In Nugent v Nugent [2013]  the High Court considered whether, following the Land Registration Act 2002, it still had the inherent power to order the cancellation of the unilateral notices introduced by that Act to protect alleged land interests,  and, if it did have the power, as to when and, in what manner, the power should be exercised.

In that case the claimant alleged that the respondent and her late husband had agreed to leave them their house in their Wills and lodged the unilateral notice at the Land Registry to prevent the respondent from selling or  mortgaging it except on terms that recognised the substantial interest the claimant was claiming.

The High Court followed the precedent set by the case of  Waghorn v Waghorn ( 2013),  where the High Court had ruled (1) that a claim protected by a unilateral notice was unarguable, and, (2) that the old pre 2003 jurisdiction, which had existed, to order the removal of cautions, still existed to allow the court to order the removal of unilateral notices under the 2002 Act. So in Waghorn’s case the HIgh Court had made an order requiring the Land Registry to remove the unilateral notice.
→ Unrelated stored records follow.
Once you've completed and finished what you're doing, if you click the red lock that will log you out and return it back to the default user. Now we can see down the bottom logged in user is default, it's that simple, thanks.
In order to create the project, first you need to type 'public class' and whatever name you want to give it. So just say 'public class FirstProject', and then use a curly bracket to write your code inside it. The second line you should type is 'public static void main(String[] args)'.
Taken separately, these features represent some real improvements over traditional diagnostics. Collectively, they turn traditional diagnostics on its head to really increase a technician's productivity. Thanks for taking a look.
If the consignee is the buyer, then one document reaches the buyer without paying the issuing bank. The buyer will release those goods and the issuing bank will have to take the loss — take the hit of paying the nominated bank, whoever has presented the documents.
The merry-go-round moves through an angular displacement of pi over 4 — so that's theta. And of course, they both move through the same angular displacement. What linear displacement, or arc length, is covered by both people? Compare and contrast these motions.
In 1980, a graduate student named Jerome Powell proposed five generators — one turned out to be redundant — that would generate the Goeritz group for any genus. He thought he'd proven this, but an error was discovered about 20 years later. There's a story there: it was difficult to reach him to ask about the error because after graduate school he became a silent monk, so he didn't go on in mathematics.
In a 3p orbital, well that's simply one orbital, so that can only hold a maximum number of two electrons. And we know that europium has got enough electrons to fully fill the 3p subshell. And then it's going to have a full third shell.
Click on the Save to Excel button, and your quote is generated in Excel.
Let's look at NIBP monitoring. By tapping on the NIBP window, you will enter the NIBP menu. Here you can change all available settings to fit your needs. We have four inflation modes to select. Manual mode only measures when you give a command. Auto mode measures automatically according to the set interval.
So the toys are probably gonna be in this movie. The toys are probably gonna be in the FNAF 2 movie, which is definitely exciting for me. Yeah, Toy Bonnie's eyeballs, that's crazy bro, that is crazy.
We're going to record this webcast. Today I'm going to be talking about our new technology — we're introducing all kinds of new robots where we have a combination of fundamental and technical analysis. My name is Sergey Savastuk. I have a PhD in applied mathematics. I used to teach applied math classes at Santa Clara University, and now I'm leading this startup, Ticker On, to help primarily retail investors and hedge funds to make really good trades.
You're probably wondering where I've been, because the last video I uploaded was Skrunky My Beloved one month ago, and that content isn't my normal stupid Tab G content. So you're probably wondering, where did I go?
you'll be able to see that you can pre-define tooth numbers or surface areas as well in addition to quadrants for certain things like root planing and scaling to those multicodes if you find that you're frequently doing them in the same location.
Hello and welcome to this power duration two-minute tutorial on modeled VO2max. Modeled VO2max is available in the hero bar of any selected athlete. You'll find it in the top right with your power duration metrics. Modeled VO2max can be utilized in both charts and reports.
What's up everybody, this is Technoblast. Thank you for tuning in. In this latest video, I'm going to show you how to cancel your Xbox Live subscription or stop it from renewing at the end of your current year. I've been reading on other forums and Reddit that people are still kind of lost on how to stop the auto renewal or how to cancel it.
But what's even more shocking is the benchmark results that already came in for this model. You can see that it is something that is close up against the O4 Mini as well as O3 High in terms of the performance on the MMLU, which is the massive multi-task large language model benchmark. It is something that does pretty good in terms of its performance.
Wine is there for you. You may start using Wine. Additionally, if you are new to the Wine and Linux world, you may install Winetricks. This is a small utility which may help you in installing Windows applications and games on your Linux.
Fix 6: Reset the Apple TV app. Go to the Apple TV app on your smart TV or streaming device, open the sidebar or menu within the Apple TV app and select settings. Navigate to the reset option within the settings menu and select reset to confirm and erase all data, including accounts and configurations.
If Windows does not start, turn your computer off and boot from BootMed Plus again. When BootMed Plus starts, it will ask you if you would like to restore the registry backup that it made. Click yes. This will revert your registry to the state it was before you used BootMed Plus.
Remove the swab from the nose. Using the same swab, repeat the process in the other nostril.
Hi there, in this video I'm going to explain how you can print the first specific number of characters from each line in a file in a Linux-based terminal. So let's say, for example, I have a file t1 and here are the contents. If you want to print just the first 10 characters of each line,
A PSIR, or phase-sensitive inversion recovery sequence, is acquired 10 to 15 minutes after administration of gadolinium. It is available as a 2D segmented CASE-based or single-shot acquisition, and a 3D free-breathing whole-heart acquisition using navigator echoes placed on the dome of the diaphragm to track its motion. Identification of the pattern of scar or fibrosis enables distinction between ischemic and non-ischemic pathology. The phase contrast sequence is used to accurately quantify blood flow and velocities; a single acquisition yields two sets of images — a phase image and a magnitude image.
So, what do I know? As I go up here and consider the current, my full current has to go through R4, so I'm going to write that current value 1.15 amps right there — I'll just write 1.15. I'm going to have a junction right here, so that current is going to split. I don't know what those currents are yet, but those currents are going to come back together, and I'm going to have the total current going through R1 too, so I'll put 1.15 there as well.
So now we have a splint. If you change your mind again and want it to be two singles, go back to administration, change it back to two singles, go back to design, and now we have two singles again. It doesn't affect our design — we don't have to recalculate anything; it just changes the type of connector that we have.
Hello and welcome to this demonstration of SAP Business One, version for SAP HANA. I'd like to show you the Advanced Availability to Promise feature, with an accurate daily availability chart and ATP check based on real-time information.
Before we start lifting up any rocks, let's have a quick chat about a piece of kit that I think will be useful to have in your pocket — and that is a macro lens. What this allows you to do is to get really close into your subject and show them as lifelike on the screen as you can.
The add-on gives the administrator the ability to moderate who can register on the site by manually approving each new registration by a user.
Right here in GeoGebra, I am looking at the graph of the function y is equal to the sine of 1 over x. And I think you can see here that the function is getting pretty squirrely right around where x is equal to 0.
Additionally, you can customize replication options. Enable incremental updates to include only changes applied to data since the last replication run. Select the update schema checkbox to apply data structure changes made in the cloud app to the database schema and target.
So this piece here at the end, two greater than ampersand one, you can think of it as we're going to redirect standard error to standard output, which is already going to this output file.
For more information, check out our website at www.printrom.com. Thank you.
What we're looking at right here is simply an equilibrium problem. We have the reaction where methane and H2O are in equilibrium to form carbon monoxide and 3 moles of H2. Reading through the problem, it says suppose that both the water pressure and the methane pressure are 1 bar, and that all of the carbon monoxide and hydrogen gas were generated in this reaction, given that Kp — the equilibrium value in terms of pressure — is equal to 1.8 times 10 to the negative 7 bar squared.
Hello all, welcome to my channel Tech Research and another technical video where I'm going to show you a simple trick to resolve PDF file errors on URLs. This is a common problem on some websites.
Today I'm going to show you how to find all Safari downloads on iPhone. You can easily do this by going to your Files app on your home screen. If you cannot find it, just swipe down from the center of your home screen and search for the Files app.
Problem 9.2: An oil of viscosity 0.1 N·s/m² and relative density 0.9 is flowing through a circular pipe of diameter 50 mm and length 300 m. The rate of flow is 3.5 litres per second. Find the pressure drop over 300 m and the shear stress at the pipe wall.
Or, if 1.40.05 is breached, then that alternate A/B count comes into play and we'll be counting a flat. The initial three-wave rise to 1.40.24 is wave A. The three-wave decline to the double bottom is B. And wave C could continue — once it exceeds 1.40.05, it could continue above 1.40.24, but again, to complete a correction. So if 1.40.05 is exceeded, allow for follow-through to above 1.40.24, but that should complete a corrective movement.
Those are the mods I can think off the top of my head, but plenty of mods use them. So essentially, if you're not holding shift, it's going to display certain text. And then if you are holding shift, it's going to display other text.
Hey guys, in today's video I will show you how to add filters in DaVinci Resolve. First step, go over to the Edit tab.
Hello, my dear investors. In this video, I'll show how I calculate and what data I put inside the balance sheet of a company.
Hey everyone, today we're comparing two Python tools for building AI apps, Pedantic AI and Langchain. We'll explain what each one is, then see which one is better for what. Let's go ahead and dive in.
Waghorn’s case was distinguishable from this as the Respondent had an arguable interest to protect.

Whether interests are arguable or unarguable, the precise basis for the court’s claimed jurisdiction is unclear and there is a strong possibility it will be tested in the Court of Appeal in this or a future similar case.

As usual the above is mentioned out of general interest and what is said on this Blog does not replace the need to get proper legal advice in individual cases.